One design factor that has received particular attention is the reduction of delays caused by wait states that naturally occur within the logic synthesis algorithm. For example, in a conventional adder, the final sum bit for a given pair of bits to be added is generated by combining the preliminary sum bit with the carry bit from the preceding bit pair. If a designer were to optimize the speed of the portion of the logic that generates the preliminary sum bit, the effort would be wasted if the logic has to wait for generation of the carry bit in order to generate the final sum.
Accordingly, several designs have been proposed in which the logic does not have to wait for the generation of the carry bit for each bit pair in order to generate the final sums. In U.S. Pat. No. 4,573,137, entitled "Adder Circuit," issued Feb. 25, 1986 to Ohhashi and assigned to Toshiba, two dummy sum terms are generated for each pair of bits to be added. The first dummy sum is generated assuming a carry in of 0, and the second dummy sum is generated assuming a carry in of 1. The actual carry-in signal is then used to select between the two dummy sums.
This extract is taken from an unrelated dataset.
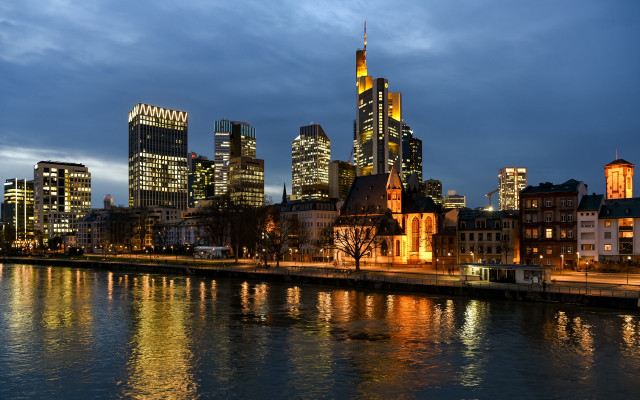 City skyline river night lit free wallpaper for desktop - medium preview image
Thus, rather than waiting to generate the sum terms until the carry is received, in this patent dummy sums are generated and selected by the carry-in from the preceding bit pair. This reduces the above-discussed wait time.
Another way of reducing the delays produced by wait states is disclosed in U.S. Pat. No. 4,707,800, entitled "Adder/Subtractor For Variable Length Numbers," issued Nov. 17, 1987 to Montrone et al and assigned to Raytheon Co. In this patent, the carry-in from one pair of bits is used to select the carrys for a plurality of other pairs of bits. For the least significan bit pair, the carry-out is generated. For the next most significant bit pair, a first dummy carry-out is generated assuming a carry-in of 1, and a second dummy carry-out is generated assuming a carry-in of 0. These dummy carry signals are then fed to the dummy carry generators for the next most significant pair of bits to be added, and so on, such that all the dummy carrys are predicated upon the state of the carry-out from the least significant bit pair. The actual carry-out from the least significant bit pair is then used to select the correct dummy carry-out for each bit pair. The selected dummy carry is then combined with the preliminary sum term for each bit pair to generate the final sum term for each bit pair.
Other techniques for reducing wait states are shown in U.S. Pat. No. 4,763,295, entitled "Carry Circuit Suitable For A High-Speed Arithemtic Operation," issued Aug. 9, 1988 to Yamada et al and assigned to NEC Co. (use of selection to increase efficiency in a carry look ahead scheme), and in an article by Freemen, entitled "Checked Carry Select Adder," IBM Technical Disclosure Bulletin, Vol. 13, No. 6, Nov. 1970 pp. 1504-5 (actual carry-in for first bit used to select between dummy sums generated for subsequent bits).
Although the foregoing designs do increase processing speeds by minimizing wait states, they still do not provide optimum results by minimizing all the wait states that naturally occur. At the same time, most of the prior art techniques use AND/OR circuitry to generate the sum and carry terms, rather than NAND/NOR techniques that minimize device counts and eliminate delays by deleting inverter stages (see U.S. Pat. No. 4,766,565 for an example of ALU design utilizing NAND/NOR techniques).
Accordingly, a need has arisen in the art for a logic synthesis network that further minimizes all wait states inherent in generating sum and carry bits, while utilizing circuit techniques that minimizes device counts and maximize signal generation speeds.